Title: Electricity vs Iron — Electrochemical Effects

Aim:__________________________________________________________________

Hypothesis:_____________________________________________________________

Materials checklist:

  • [ ] Iron strip [ ] Power source (battery/DC supply) [ ] Salt water [ ] Ammeter/multimeter [ ] Wires [ ] Resistor

Procedure (brief):

  1. Set iron strip as one electrode and a copper or graphite counter electrode in salt water, connect to DC supply so current flows through electrolyte. Record voltage and current.
  2. Observe and record any bubbling, colour changes, or material loss at electrodes over time (0 min, 10 min, 30 min).

Data table:

TimeVoltage (V)Current (A)Observation — Iron electrodeObservation — Other electrode
0 min
10 min
30 min

Analysis questions:

  1. Describe what happened to the iron when current flowed. Was the change faster than the control (no current)?
  2. How does the electricity cause chemical change at the metal surface? Use the terms oxidation, reduction, anode, cathode.
  3. How might this relate to real-world problems (e.g., pipelines exposed to stray currents)?

Instructor script — Electricity vs Iron (10–20 minutes prep, 30–45 minute activity)

  1. Explain the experiment aim and safety rules. Demonstrate correct wiring with resistor and show how to measure current safely.
  2. Ask students for a hypothesis and to predict which electrode will corrode.
  3. Begin the circuit and ask students to record voltage/current and start timers. Encourage photos/notes in Cornell right column.
  4. After the run, guide students to compare to a control (iron in salt water with no applied current). Discuss electron flow and energy input causing chemical transformations.

Scaffolded research questions — Electricity vs Iron

Year 8 (guided)

  1. What changed at the iron when electricity flowed? Describe in 2–3 short phrases.
  2. What role does the salt water have in the experiment?
  3. Suggest one safety rule that is especially important for this activity and explain why.

Year 9 (extended)

  1. Explain why applying a DC current can drive oxidation of iron. Which electrode is the anode? Write a short half-equation for iron oxidising.
  2. Calculate and discuss how increasing current might affect corrosion rate — what measurements would you need to prove this?
  3. Relate this to a real-world mitigation strategy (e.g., impressed current cathodic protection vs sacrificial anodes). Compare pros and cons.

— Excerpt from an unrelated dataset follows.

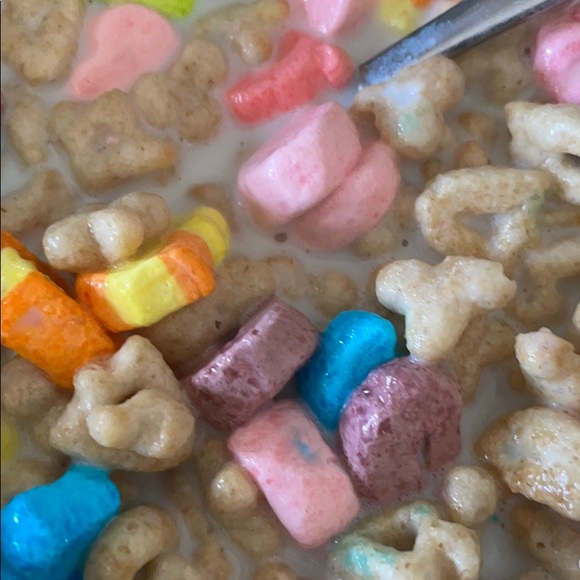 Profile Picture of Benjamin Gilbert (@bennyjj) on Poshmark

Teacher analytic rubrics & scoring rubrics — Evocative mystery-style prose

Below are eight rubrics: for each experiment (Rust Protection; Electricity vs Iron) and each year (8 and 9) you will find (A) an analytic rubric in evocative prose and (B) a compact scoring rubric that maps performance to points. Use them for formative or summative assessment.

Reminder: these rubrics align to Science Understanding (Chemical & Physical sciences), Science Inquiry Skills and Science as a Human Endeavour in the ACARA v9 framework — emphasising planning, conducting, analysing, and communicating.

Rust Protection — Year 8: Analytic rubric (mystery-tone)

In the manner of a curious narrator, one might record: "The young investigator enters the scene with a clear aim, a tidy set of notes, and an attentive eye. Their plan is sensible, their safety measures visible; they observe with patience. Data are recorded with adequate detail — times, appearances, and a measured sense of comparison across the three beakers. The explanation offered ties the facts to the idea that some metals yield to the sea and air more readily than others. Conclusions are present, modestly justified, and the student suggests at least one sensible improvement to the method."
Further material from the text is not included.